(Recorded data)
·····

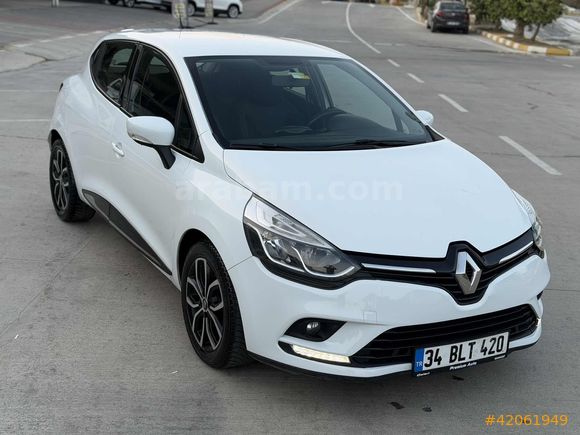 2018 START-STOPLU ORJINAL 159 BİNKMDE KAPUT/TAVAN/BAGAJ BOYASIZ
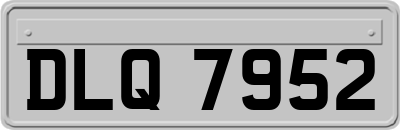 DLQ7952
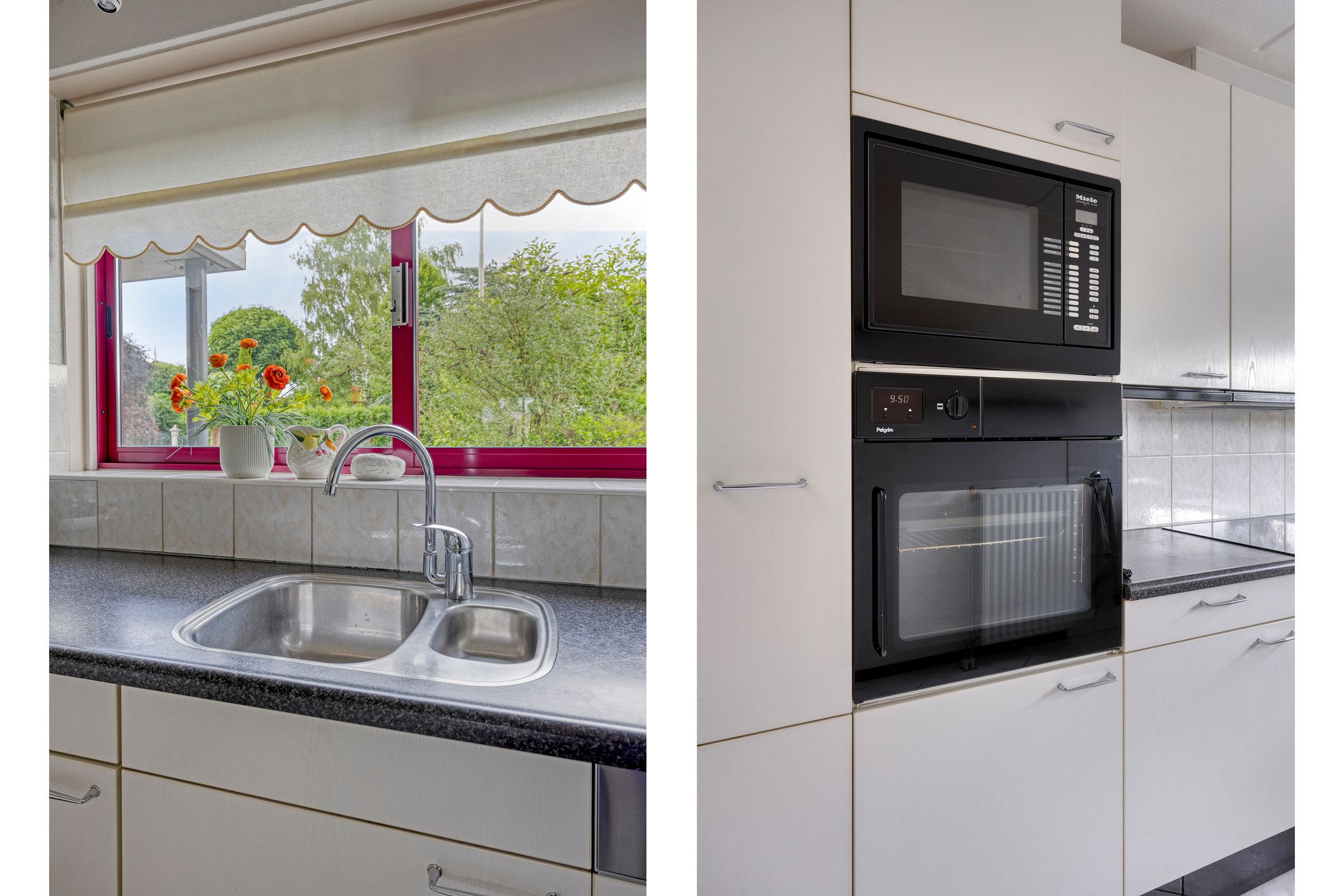 Foto 21 van Noordzijde 54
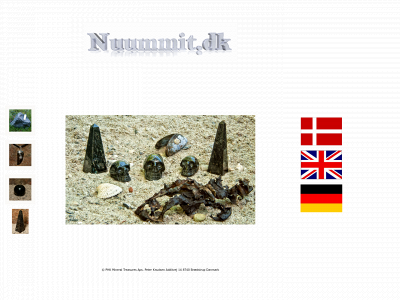 nuummit.dk snapshot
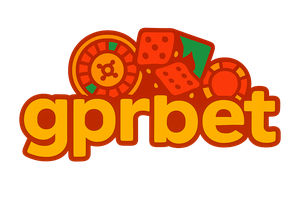 GPRBet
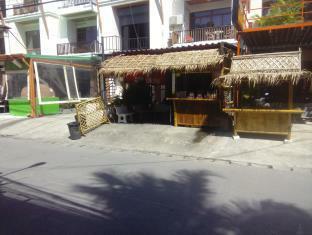 Da Moreno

·····

• _What you will do_:
Return the entries above exactly, skipping any images.

• _Your solution_:
 2018 START-STOPLU ORJINAL 159 BİNKMDE KAPUT/TAVAN/BAGAJ BOYASIZ
 DLQ7952
 Foto 21 van Noordzijde 54
 nuummit.dk snapshot
 GPRBet
 Da Moreno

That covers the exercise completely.